_Exercise input_
====================

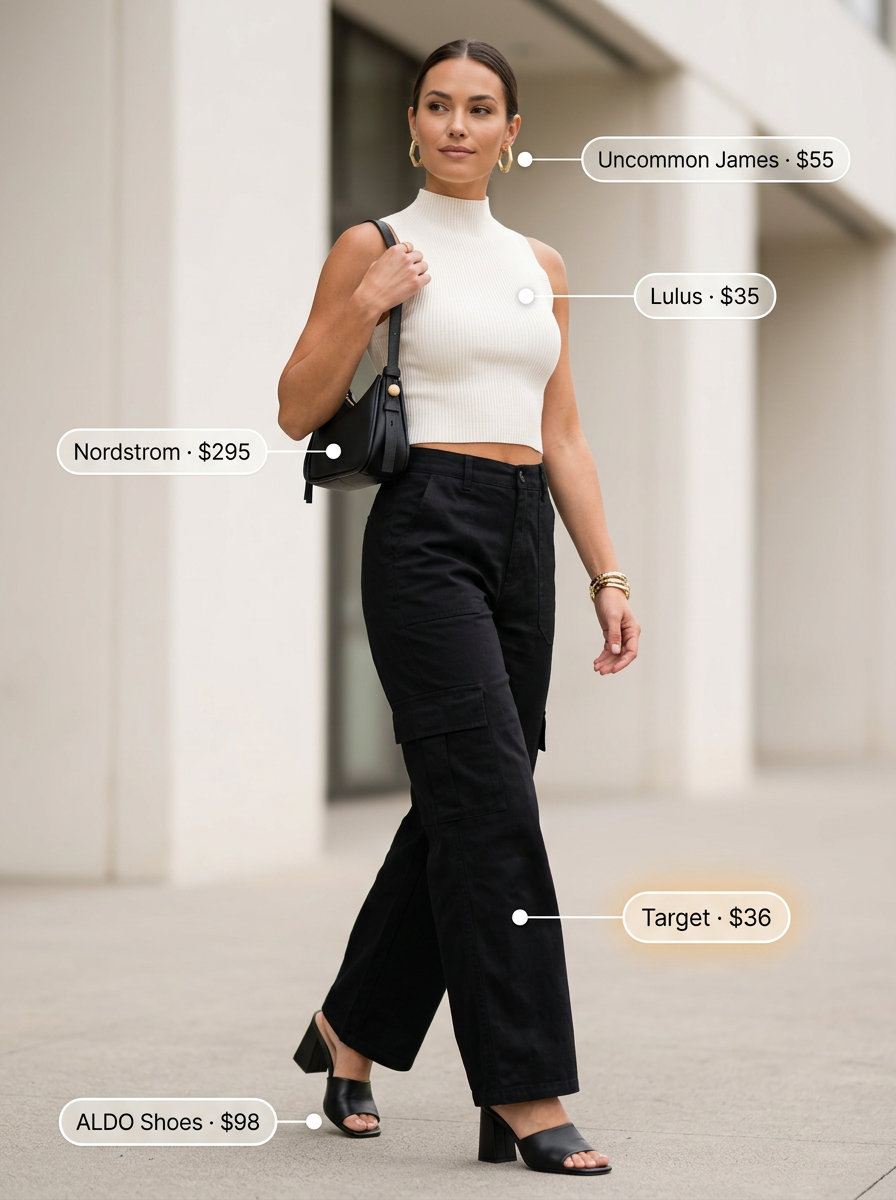 What to Wear with Cargo Pants Summer 2026: Chic evening outfit with black wide-leg cargo pants, ivory knit top, and heeled mules.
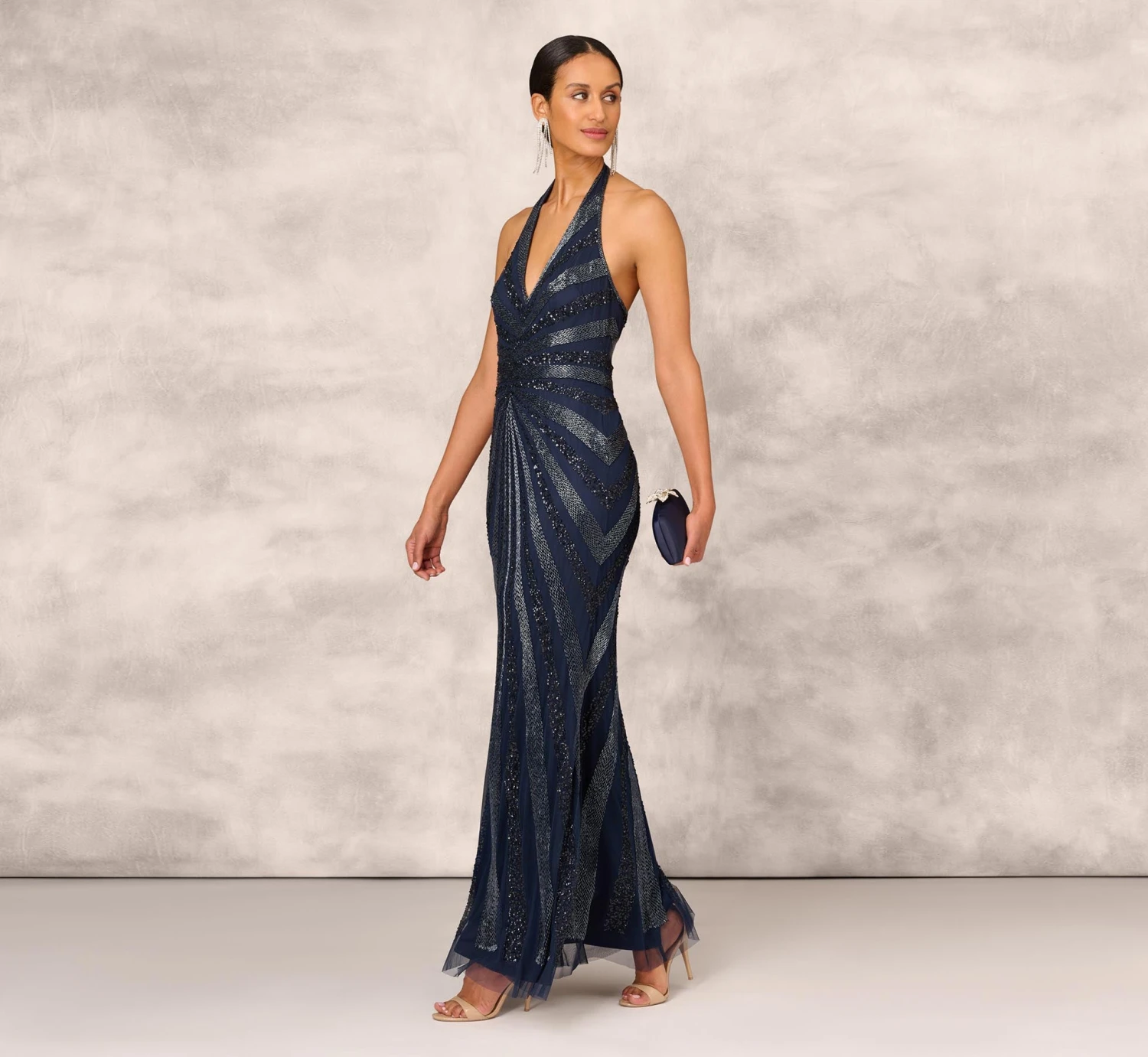Dazzling Beaded Halter Gown With Deep V-Neckline In Navy 2 Dazzling Beaded Halter Gown With Deep V-Neckline In Navy - Image 2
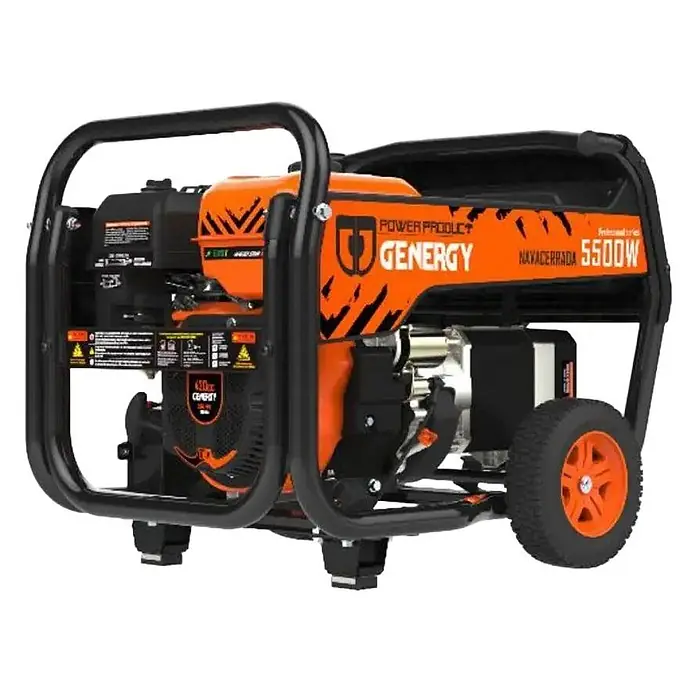 Genergy Stromerzeuger GENERGY Navacerrada Benzin Stromerzeuger ? 5500W 230V mit E-Start - Nennleistung: 5 kW, Tankvolumen: 6 l - Orange-schwarzer mobiler Generator mit Stahlrahmen und Rädern, Genergy Navacerrada 5500W.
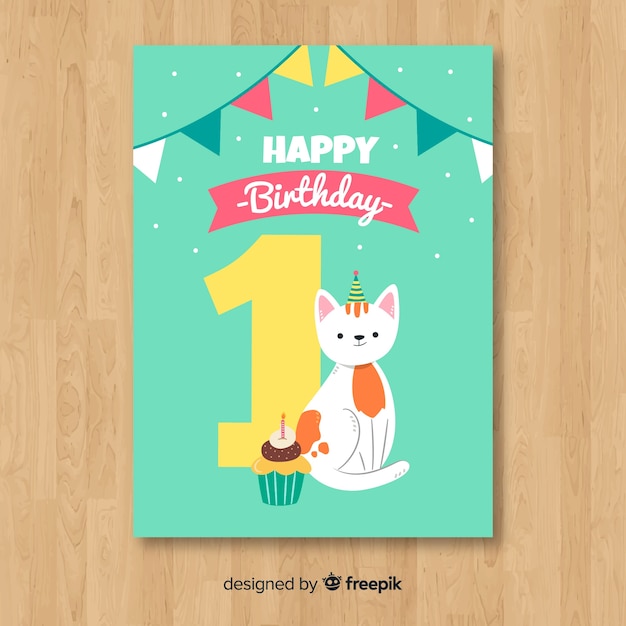 Flat cat first birthday card template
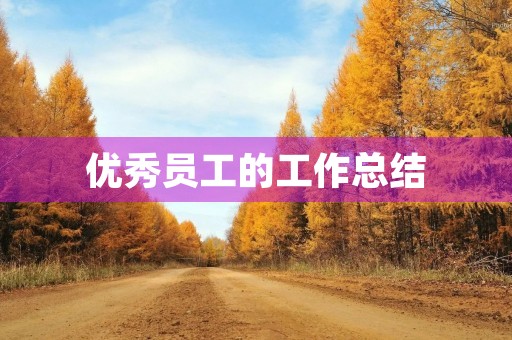 优秀员工的工作总结
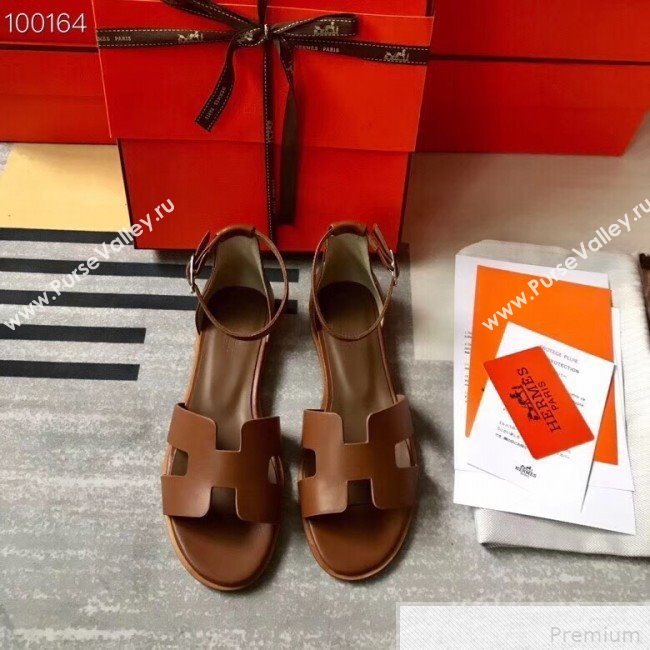 Hermes Santorini Smooth Calfskin Flat Sandals Brown 2019 (KQN-9042625)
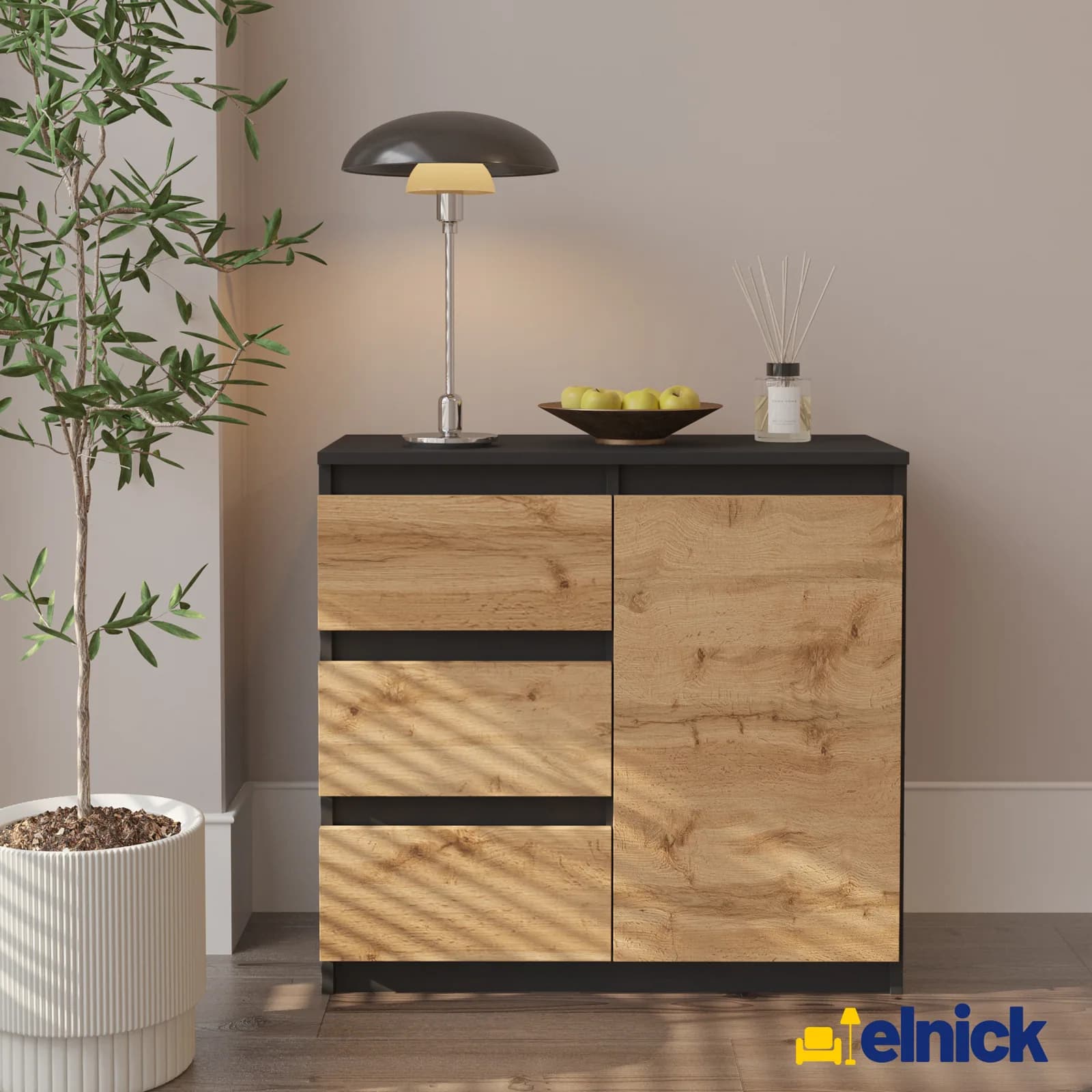 MIKEL commode met 3 lades en 1 deur, 80 cm, antracietgrijs/wotan eiken (4)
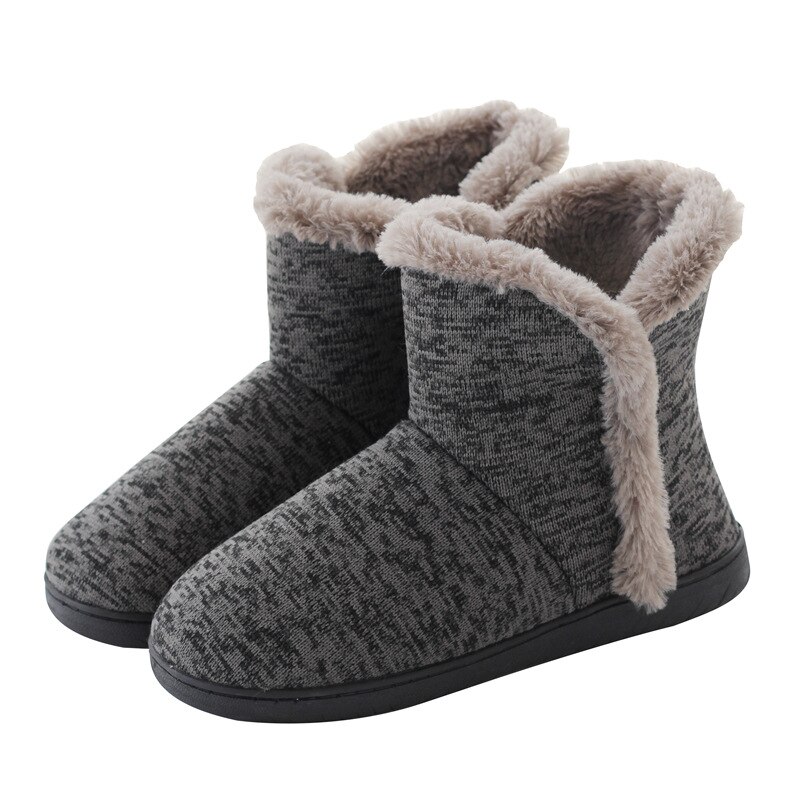 Kvinders hjemmesko plus plys fleece vinter ankelstøvler hjemmesko gulv bomuld slippers indendørs udendørs hyggesko par: 10.5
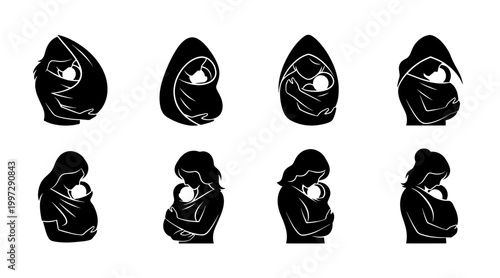 Diverse Silhouettes of Mothers Carrying Babies in Slings and Wraps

====================

_Requirement_
Every line from the one with "Hermes Santorini Smooth" through the end of the material above should be restated word for word, with the pictures left out.

_Answer to the problem_
 Hermes Santorini Smooth Calfskin Flat Sandals Brown 2019 (KQN-9042625)
 MIKEL commode met 3 lades en 1 deur, 80 cm, antracietgrijs/wotan eiken (4)
 Kvinders hjemmesko plus plys fleece vinter ankelstøvler hjemmesko gulv bomuld slippers indendørs udendørs hyggesko par: 10.5
 Diverse Silhouettes of Mothers Carrying Babies in Slings and Wraps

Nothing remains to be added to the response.